Je n’ai pas peur des mots : dégradation de la qualité de l’administration et du soutien de proximité (et ici Louvois est un exemple monstrueux), complexité de l’organisation des soutiens, retard dans le déploiement des systèmes d’information, périmètre budgétaire des bases de défense qui est mal défini…

Le 1er juillet dernier, j’ai pris plusieurs décisions concernant l’organisation et le fonctionnement des bases de défense. Je les ai prises, au terme d’une longue réflexion avec l’ensemble des armées, directions et services. Je les ai prises, en ayant le souci premier de préserver l’environnement et les repères des personnels concernés.

Aujourd’hui, nous allons donc instaurer un comité ministériel des soutiens que je présiderai ; nous allons mettre en place une autorité hiérarchique du service du commissariat des armées sur les groupements de soutien en bases de défense ; dans le même temps, nous allons renforcer les capacités d’arbitrage et de coordination des commandants de base de défense… Pour mettre en œuvre ces décisions, j’ai fait le choix d’en passer par une expérimentation préalable, avant toute généralisation, parce que ma méthode c’est celle de l’écoute, du dialogue et de l’action dans la durée.

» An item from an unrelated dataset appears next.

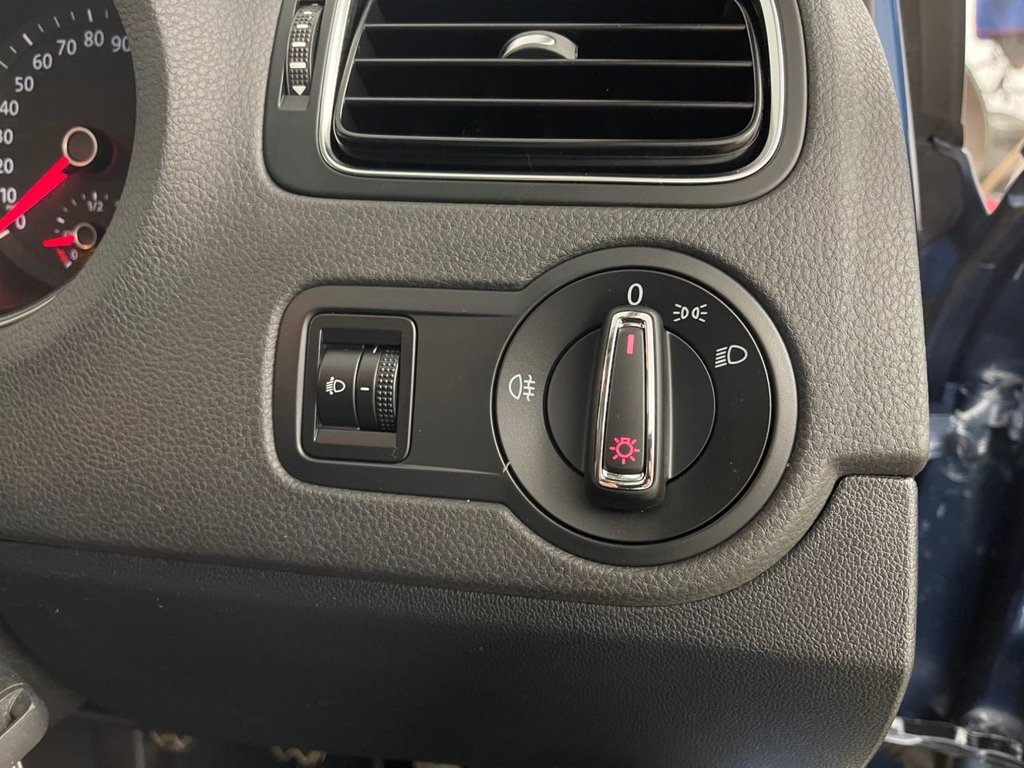 Used Volkswagen Polo 2015 for sale - 76883084: Photo 27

Au-delà de ces évolutions structurelles, je tiens à dire qu’à chaque fois que je me rends dans une unité, on me fait part des difficultés de tous les jours. Ces difficultés vous «gâchent la vie», je m’en rends compte. C’est inacceptable. A chacune de mes visites, j’ai pu constater des difficultés très concrètes, auxquelles je veux qu’on apporte des réponses très concrètes, immédiates et visibles. Je veux répondre avec l’engagement qui s’impose. Je pense par exemple à la dégradation de l’entretien des bâtiments, ou aux difficultés persistantes rencontrées par les personnels pour accomplir leurs missions. Cette situation s’explique par les contraintes budgétaires, mais aussi, parfois, par le maintien de procédures lourdes, complexes. Ces procédures surchargent le personnel affecté dans les formations assurant le soutien, et désespèrent ceux qui sont dans les unités opérationnelles, comme les régiments. Tous ces exemples, c’est vous qui me les avez donnés, et c’est sur la base de vos attentes que je veux travailler. Je vous le dis, il y a une urgence, parce que nous ne pouvons pas continuer ainsi.

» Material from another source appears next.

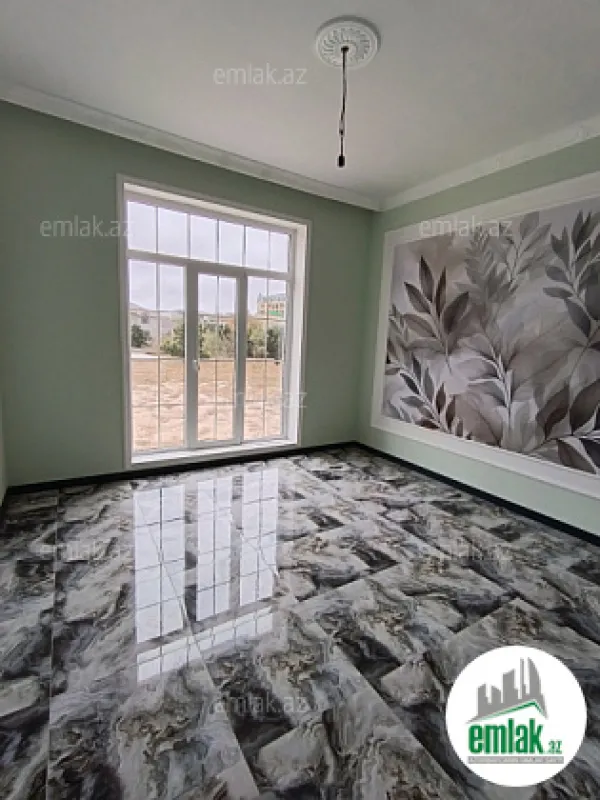 Satılır 6 otaqlı mənzil 306 m²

Aujourd’hui, je déclenche donc un plan d’amélioration des conditions de vie et de travail en bases de défense, à mise en œuvre immédiate, pour répondre pleinement et concrètement aux attentes qui se sont exprimées sur le terrain et dont j’ai pris toute la mesure. Je débloque immédiatement 30 M€ pour financer des mesures très concrètes, attendues par tous, pour l’amélioration des conditions de vie et de travail de tous les personnels, et renforcer les moyens d’exécution des missions, dans chaque BDD.

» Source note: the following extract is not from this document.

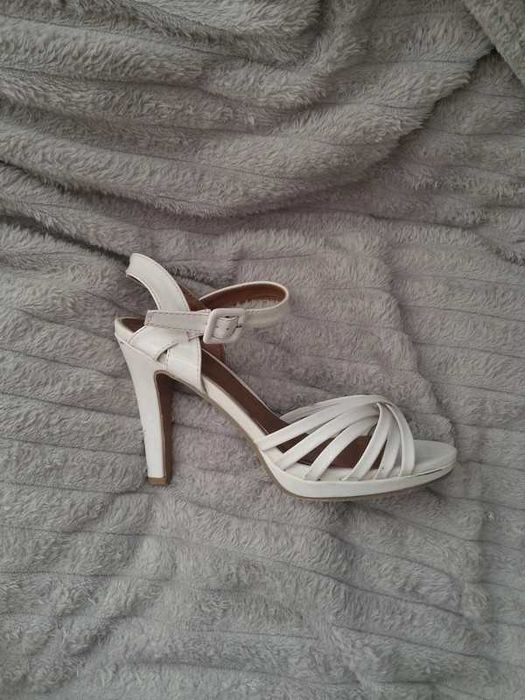 buty białe oficjalne ślubne, balowe, galowe sandałki na szpilce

Bien sûr, je vais entrer dans le détail. Trois catégories de dépenses seront privilégiées à travers ces 30 M€, qui seront utilisés par les bases de défense jusqu’au dernier euro au profit exclusif des personnels dans les unités, j’y veillerai personnellement. D’abord, améliorer et entretenir le cadre de vie et de travail. C’est-à-dire réaliser les réparations urgentes (sanitaires), rénover les bâtiments (bureaux et hébergement),  couvrir les marchés d’entretien (nettoyage des locaux). Ensuite, faciliter les achats de proximité touchant à la vie quotidienne sur le site et qui sont pour la plupart réglées par carte achat : fournitures, produits d’entretien, fontaines d’eau potable, achats de petites pièces détachées levée du moratoire sur l’ameublement de bureau. Enfin, renforcer les moyens d’exécution des missions, en desserrant les contraintes d’utilisation des cartes d’autoroute, en couvrant les achats de fournitures courantes.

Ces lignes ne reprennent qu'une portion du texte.